Qu’est-ce donc que ce fameux engin? Du point de vue du nom et de son actuelle prolifération sur le marché, il s’agit un peu d’une invention de l’industrie cycliste, intimement liée à la démocratisation des freins à disques qui, eux, permettent une pratique sécuritaire sur toutes les conditions de terrain, qu’il pleuve ou qu’il neige. Cette modification structurelle a considérablement élargi le champ des possibles en matière de design de cadres, permettant de chausser de plus volumineux pneumatiques. Sans parler de l’arrivée du «sans chambre à air», ou tubeless, qui autorise une pression plus basse, cette dernière procurant une adhérence accrue.
Au-delà du marketing, et bien que sa pratique remonte à l’invention du vélo, celui de gravelle est pour plusieurs adeptes un moyen de fuir le trafic automobile pour partir à la découverte du territoire, peu importe l’état de la surface devant soi. C’est un véhicule plus polyvalent que le vélo de montagne ou de route, capable de manger de la misère et des kilomètres. Une sorte de bête de somme… en somme.
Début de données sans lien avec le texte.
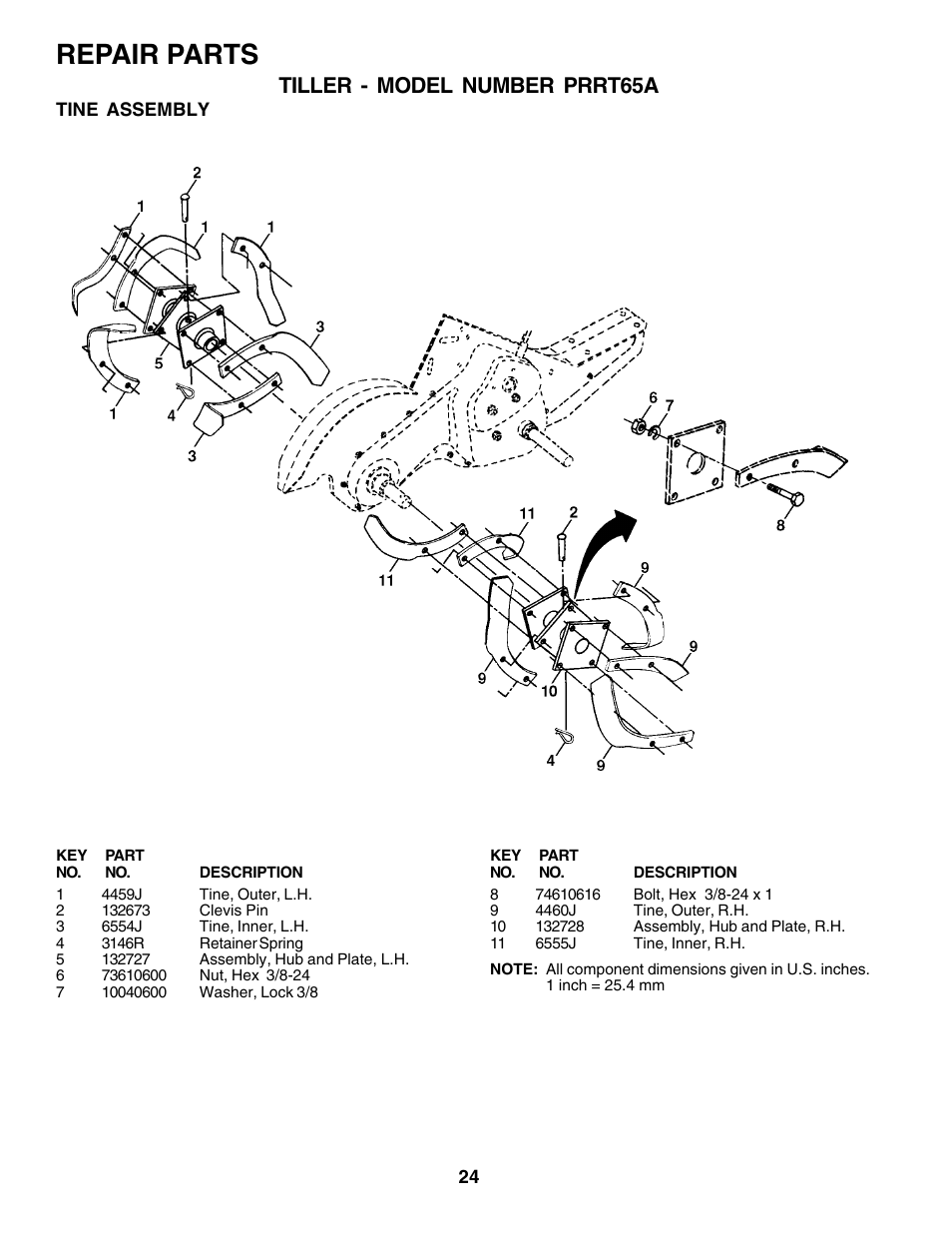 Repair parts, Tiller - model number prrt65a | Poulan PRRT65A User Manual | Page 24 / 28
Parenthèse technique : il existe désormais une vaste gamme de vélos de gravelle. Certains sont presque identiques à des engins de route, possédant des angles de fourche agressifs et des haubans plutôt courts, ce qui procure une conduite plus nerveuse. À l’autre bout du spectre, vous trouverez des vélos d’aventure, capables de chausser d’encore plus gros pneus et d’être chargés comme des mules afin de partir à la découverte de l’arrière-pays en autonomie complète, avec tout l’attirail de camping requis. Ces vélos ne procurent pas du tout la même conduite, et si les premiers peuvent très bien servir à la fois de vélos de route et de gravelle, les seconds sont moins indiqués pour les sorties prolongées sur le bitume.
Si près, si loin : Saint-Nicolas
Comme mes amis et moi nous sommes presque tous procurés des vélos de ce genre il y a quelques années, nous avons entrepris de découvrir des routes qui n’étaient pas trop éloignées de la ville pour nous y amuser.
Le principal ingrédient qui contribue au plaisir de ce sport est d’avoir le sentiment d’accéder aux communautés visitées par la porte arrière : celles des rangs perdus, des routes désertées, où l’on peut rouler partout sans craindre les autos.
Un exemple? À l’extrémité ouest de la route Demers, à Saint-Nicolas, on trouve tout un réseau de rangs non pavés qui permettent d’expérimenter en alternant entre les surfaces goudronnées et «garnoteuses». Vous pouvez quadriller le territoire vers Sainte-Croix, entre l’autoroute 20 et la 132, en bifurquant à l’envi sur les chemins qui se présentent à vous.
À titre d’exemple, la route Demers devient route Terre-Rouge. On y quitte le pavage et, attention, le début est parfois accidenté. Prenez le temps d’analyser la surface. De là, on accède au… chemin Terre-Rouge. En allant vers le nord, celui-ci change de nom pour route de la Colline. Une belle grande ligne droite qui vous mène à la 132. Passage par Saint-Antoine-de-Tilly. Vous pouvez ensuite prendre la route des Rivières vers le nord. C’est reparti pour un peu de poussière et d’inconnu.
Puis, j’ai envie de vous dire : et ainsi de suite. L’idée, c’est d’explorer. Peur de vous perdre ou de gaspiller votre précieux temps? Téléchargez l’appli Strava. Payez quelques dollars pour accéder aux parcours et aux cartes. Puis, dans le secteur choisi, identifiez un segment qui parait être non pavé (vous pouvez vérifier sur Google Maps). Cliquez dessus, puis sur quelques-unes des personnes y ayant les meilleurs temps : vous aurez accès à leur sortie complète dans le secteur, que vous pouvez ensuite copier et emporter dans votre téléphone ou télécharger dans votre ordinateur de bord Garmin, Wahoo ou autre.
Mon morceau de garnotte favori du secteur est un peu plus à l’ouest, comme dirait un certain Tournesol. Le 2e Rang, dans Sainte-Croix, vous permet de rallier Issoudun, via le rang Demers (un autre), puis la route des Barons. On y navigue entre les terres arables, y croise parfois un tracteur, souvent un 4 roues, toujours, surtout, une immense et bienfaisante tranquillité.
Si le vélo de route est un moyen d’évasion efficace, celui de gravelle en est un de prospection. Au fil des derniers étés, j’ai pu, grâce à ce véhicule plus permissif, entrer dans la carte postale plutôt que de l’admirer. Chaque fois, j’ai eu le sentiment que nous ne faisons habituellement qu’effleurer le territoire qui se trouve tout près de nous. C’est le cas avec ces routes. On s’y sent au bout du monde tout en demeurant à quelques encablures de chez soi.